The most valuable PSI concerns geographic/cartographic data and company data and, as well as companies and self-employed individuals, 65% of infomediary companies cite the public sector as a client. In other words, they are deriving value from processing and selling PSI back to the public sector. Fully one third of infomediaries have overseas clients so that PSI can be seen as an export earner too. Payment per access is the most common revenue model, employed by more than half of Spanish infomediaries with products like processed data and generic reports being dominant, more than 60% of which are delivered as PDF documents.

Dolores ended her presentation with a list of demands from the infomediary sector to increase the re-use culture:

  • increased coordination and clear leadership by public administrations;
  • recognise the differences between Spain's autonomous regions to ensure a common market;
  • better regulation through modification of existing rules as well as new ones;
  • culture change should be seen as a mechanism for collaboration, not confrontation.

Dietmar Gattwinkel, who heads Saxony's Open Government Data project, lead a session dedicated to infomediaries. Again, it's the geo and business data that is the most commercially viable, things like the number of residences and residents in an area, planning; dates of incorporation, size of company, turnover etc. For these areas there is already a competitive market between multiple players.

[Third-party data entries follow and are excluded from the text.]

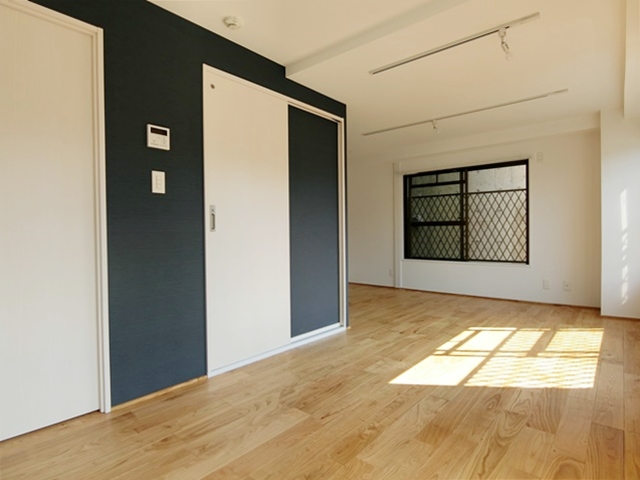 都心でアーバンライフ 4Aの内観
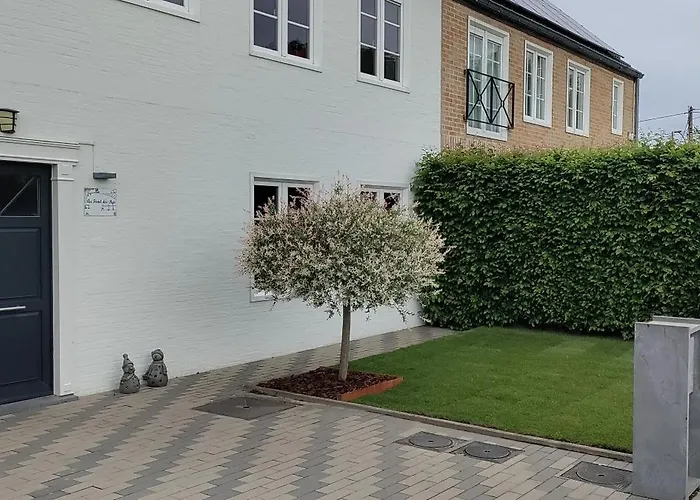 Au Fond Des Rys 3* Grez-Doiceau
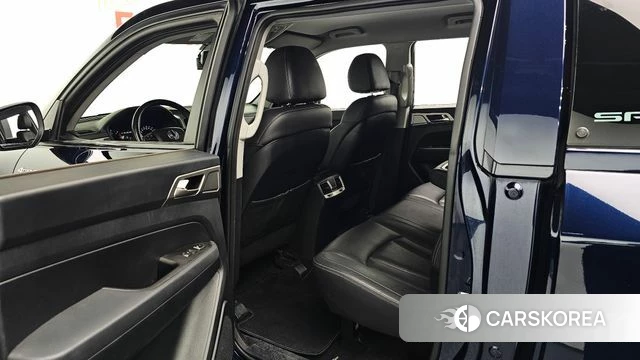 Ssangyong Rexton Sports id 4987997 из Кореи 18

The discussion in that session looked at the boundary between the public and private sectors, how the political aims interact with the business need, what role data portals should and do play cf. data aggregators, visualisations etc. These boundaries and roles need to be more clearly defined, perhaps to encourage the commercial development of brokerage services and applications that might distract from more fundamental tasks of providing standardised, DCAT-based, access to repositories, perhaps over a Content Delivery Network. This perhaps conflicts with, for example, the Portuguese plans and highlights the lack of clarity over what role is to be performed by which sector.

Another topic was the increasingly common notion of moving computation to where the data is rather than moving the data. A search engine is an example of this. You send a small amount of data (the query), the computation is done in the cloud and the results are delivered back to you. This offers a possible route to addressing privacy concerns as control remains within the service.

A final topic in the session centred on privacy, an issue that shows distinct differences in different countries. Privacy is often used as a smokescreen for other motivations not to publish PSI but in reality it's about granularity.

Linda Austere, Michele Osella waiting for the signal from Phil Archer to encourage people to come to their session (Xenia Beltran and Nikolay Tcholtchev are hidden from view)

From Wow to How?

Michele Osella from the Istituto Superiore Mario Boella lead a session that asked how we go from the wow – the billions of Euro cited as the potential of open data in various consultants' reports – to the how, that is, how to realise that potential. There were three primary conclusions:

  1. there is a need to educate potential entrepreneurs about what open data is and is not;
  2. access to data is essential of course;
  3. data must be maintained in terms of quality, frequency of update, formats and licences.

The second and third of these are inherited from upstream, i.e. from the relevant public sector body that holds the data. If there is no demand for the data, the public sector can carry on not publishing it and no one will notice so the requests for data need to be made clearly by citizens.

The cost of publishing PSI is rarely recouped by the publishing public sector body. Where PSI is published, it is often done due to obligation or even because it is currently fashionable. Ultimately we need evidence to show to policy makers that opening data vaults is not a cost but it will bring benefits. Opening data will be beneficial for governments according to an inward orientation: no more open data as a fad or an obligation, but as a necessity.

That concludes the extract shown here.